Task item.
When you respond, restate each record exactly as it is given.

____

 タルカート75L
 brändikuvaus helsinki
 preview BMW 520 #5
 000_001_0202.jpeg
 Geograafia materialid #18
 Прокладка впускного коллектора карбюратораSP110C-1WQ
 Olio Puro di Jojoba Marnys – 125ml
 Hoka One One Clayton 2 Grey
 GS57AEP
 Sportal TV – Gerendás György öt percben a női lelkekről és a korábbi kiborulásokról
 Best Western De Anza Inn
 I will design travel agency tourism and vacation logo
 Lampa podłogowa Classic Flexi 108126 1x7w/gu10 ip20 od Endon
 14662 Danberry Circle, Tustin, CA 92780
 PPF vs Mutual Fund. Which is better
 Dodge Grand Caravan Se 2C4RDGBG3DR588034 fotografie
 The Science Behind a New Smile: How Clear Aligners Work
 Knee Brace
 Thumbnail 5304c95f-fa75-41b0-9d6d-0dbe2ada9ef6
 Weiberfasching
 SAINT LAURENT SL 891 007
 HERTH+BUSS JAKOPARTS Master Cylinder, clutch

____

Response to the task.
 タルカート75L
 brändikuvaus helsinki
 preview BMW 520 #5
 000_001_0202.jpeg
 Geograafia materialid #18
 Прокладка впускного коллектора карбюратораSP110C-1WQ
 Olio Puro di Jojoba Marnys – 125ml
 Hoka One One Clayton 2 Grey
 GS57AEP
 Sportal TV – Gerendás György öt percben a női lelkekről és a korábbi kiborulásokról
 Best Western De Anza Inn
 I will design travel agency tourism and vacation logo
 Lampa podłogowa Classic Flexi 108126 1x7w/gu10 ip20 od Endon
 14662 Danberry Circle, Tustin, CA 92780
 PPF vs Mutual Fund. Which is better
 Dodge Grand Caravan Se 2C4RDGBG3DR588034 fotografie
 The Science Behind a New Smile: How Clear Aligners Work
 Knee Brace
 Thumbnail 5304c95f-fa75-41b0-9d6d-0dbe2ada9ef6
 Weiberfasching
 SAINT LAURENT SL 891 007
 HERTH+BUSS JAKOPARTS Master Cylinder, clutch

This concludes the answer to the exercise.